Alicia Ostriker viewed Cid Corman as “a poet’s poet: a writer neither very profuse—all his books are ‘slender’ ones—nor very aggressive, but central. To read Corman is to become conscious of one’s breathing, how slightly it separates us from things like stones. The pure language, in minimal lines like those of Williams or Creeley, makes one think of other arts in their purity: a clean tone of harpsichord music, or flute, or lute, or Matisse colors, or sumi painting or the Zen archer, shooting well.” Ian Hamilton furthered the comparison to Creeley in his comments on Words for Each Other: “He has much of Robert Creeley’s wistful, abstract, openheartedness, but is less mannered than Creeley, less anxiously naive.”

Corman’s characteristic poem, said Hayden Carruth, “has a somewhat Oriental look about it: brief lines, measured by syllabic count, with much interplay of tones and accents, usually turning on a point of acute perception.” Not only is this poem “devilishly hard to write,” continued Carruth, “I detect in his work a Yankee toughness and existential lucidity that raise it far above trivia.” Similarly, Robert J. Griffin tasted “an Oriental flavor” in Corman’s Livingdying (1970), a flavor “so strong in some poems that they seem not original works but carefully literal translations. At its worst this flavor may smack of cross-cultural belch, like pseudo-Zen gnomics or Pound pretentiously wagging his pigtail. ... But that isn’t typical. Corman lives in Japan, really lives there, and in most of his short pieces the Eastern note is earned and genuinely resonant.”

In his overview of Corman’s work, Michael Heller compared the poems of the six or seven years before 1976 to Sun Rock Man (1962): “These poems, no longer quests, are certainly different in tone from the anguished work of Sun Rock Man with its ache of excess being. ... That the meanings adhere to the language at depth and complexity testifies to the visionary nature of Corman’s craft.”

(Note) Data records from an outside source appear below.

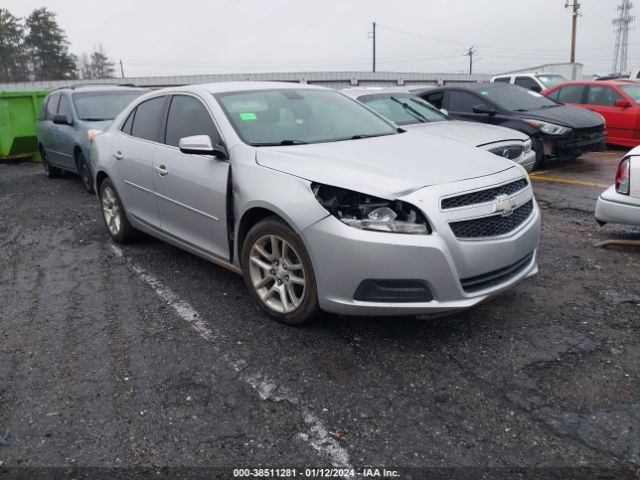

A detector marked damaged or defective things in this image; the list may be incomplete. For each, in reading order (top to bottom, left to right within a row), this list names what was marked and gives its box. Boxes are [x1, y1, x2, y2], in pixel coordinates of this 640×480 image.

broken headlight assembly [314, 182, 432, 234]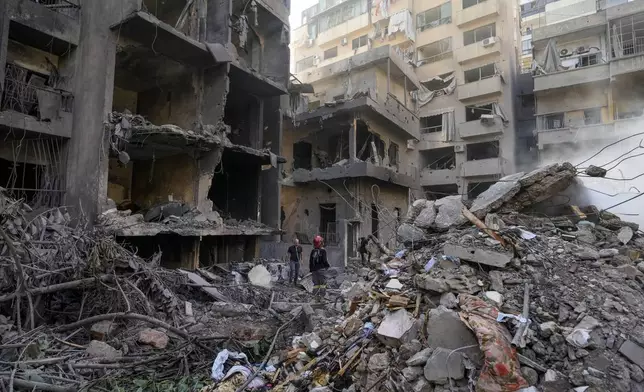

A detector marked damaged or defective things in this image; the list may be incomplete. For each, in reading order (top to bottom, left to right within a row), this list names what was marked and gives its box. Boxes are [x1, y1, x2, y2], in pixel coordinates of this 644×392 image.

broken window [416, 2, 450, 31]
broken window [462, 23, 498, 45]
broken window [418, 37, 452, 65]
broken window [296, 56, 316, 72]
broken window [466, 63, 496, 83]
damaged apartment building [532, 0, 644, 162]
damaged facade [532, 0, 644, 162]
damaged apartment building [0, 0, 290, 268]
damaged facade [0, 0, 290, 268]
damaged apartment building [284, 0, 426, 264]
damaged facade [292, 0, 524, 205]
broken window [418, 114, 442, 134]
broken window [466, 103, 496, 121]
broken window [544, 112, 568, 129]
broken window [584, 108, 604, 125]
broken window [294, 142, 314, 171]
broken window [426, 146, 456, 169]
broken window [466, 141, 500, 161]
broken window [422, 185, 458, 201]
broken window [466, 181, 496, 199]
broken concrete chunk [468, 173, 524, 219]
broken window [320, 204, 340, 243]
broken concrete chunk [398, 222, 428, 243]
broken concrete chunk [412, 202, 438, 230]
broken concrete chunk [432, 196, 468, 230]
broken concrete chunk [442, 243, 512, 268]
broken concrete chunk [247, 264, 272, 288]
broken concrete chunk [90, 320, 116, 342]
broken concrete chunk [85, 340, 121, 358]
broken concrete chunk [138, 328, 169, 350]
broken concrete chunk [374, 310, 420, 346]
broken concrete chunk [406, 350, 436, 368]
broken concrete chunk [422, 348, 462, 382]
broken concrete chunk [616, 340, 644, 370]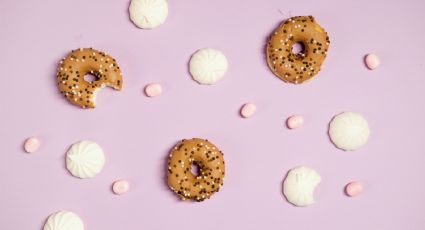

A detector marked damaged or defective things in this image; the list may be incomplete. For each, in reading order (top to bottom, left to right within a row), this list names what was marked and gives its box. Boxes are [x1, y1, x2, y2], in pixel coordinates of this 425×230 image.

Corman extracted highlights from two decades of his magazine to produce The Gist of Origin 1951­–71 (1975). Included in this chronological collection of poetry, short prose, and reviews are some early works of Creeley, Charles Olson, and Denise Levertov alongside later efforts by William Carlos Williams and Wallace Stevens. Corman provided his own introduction, which Choice termed “thoughtful, specific, candid, and invaluable as social history.” The magazine itself earned praise from Heller: “What I have said of Corman’s poetry strikes me as no less true of his editorship of Origin; like the poems, it is an enterprise, a meditation of exile. Its pages testify anew to what makes the American literary scene such a curiosity, such a contradictory set of patterns and influences.”